_WORK REQUIRED_.
Copy out every line below without alteration.

(Caption-style text data)

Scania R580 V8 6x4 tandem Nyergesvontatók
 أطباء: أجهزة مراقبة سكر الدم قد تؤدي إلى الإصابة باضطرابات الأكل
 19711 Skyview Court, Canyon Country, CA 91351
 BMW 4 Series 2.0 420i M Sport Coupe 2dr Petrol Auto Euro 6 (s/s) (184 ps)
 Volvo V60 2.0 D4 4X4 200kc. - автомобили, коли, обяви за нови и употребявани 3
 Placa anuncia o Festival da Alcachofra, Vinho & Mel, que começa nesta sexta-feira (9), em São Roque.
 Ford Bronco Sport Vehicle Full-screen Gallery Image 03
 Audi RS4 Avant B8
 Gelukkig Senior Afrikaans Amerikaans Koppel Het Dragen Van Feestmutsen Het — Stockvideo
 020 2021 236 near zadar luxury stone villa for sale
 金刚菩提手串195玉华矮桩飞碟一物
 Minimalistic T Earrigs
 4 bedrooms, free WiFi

_REPLY TO THE EXERCISE_.
Scania R580 V8 6x4 tandem Nyergesvontatók
 أطباء: أجهزة مراقبة سكر الدم قد تؤدي إلى الإصابة باضطرابات الأكل
 19711 Skyview Court, Canyon Country, CA 91351
 BMW 4 Series 2.0 420i M Sport Coupe 2dr Petrol Auto Euro 6 (s/s) (184 ps)
 Volvo V60 2.0 D4 4X4 200kc. - автомобили, коли, обяви за нови и употребявани 3
 Placa anuncia o Festival da Alcachofra, Vinho & Mel, que começa nesta sexta-feira (9), em São Roque.
 Ford Bronco Sport Vehicle Full-screen Gallery Image 03
 Audi RS4 Avant B8
 Gelukkig Senior Afrikaans Amerikaans Koppel Het Dragen Van Feestmutsen Het — Stockvideo
 020 2021 236 near zadar luxury stone villa for sale
 金刚菩提手串195玉华矮桩飞碟一物
 Minimalistic T Earrigs
 4 bedrooms, free WiFi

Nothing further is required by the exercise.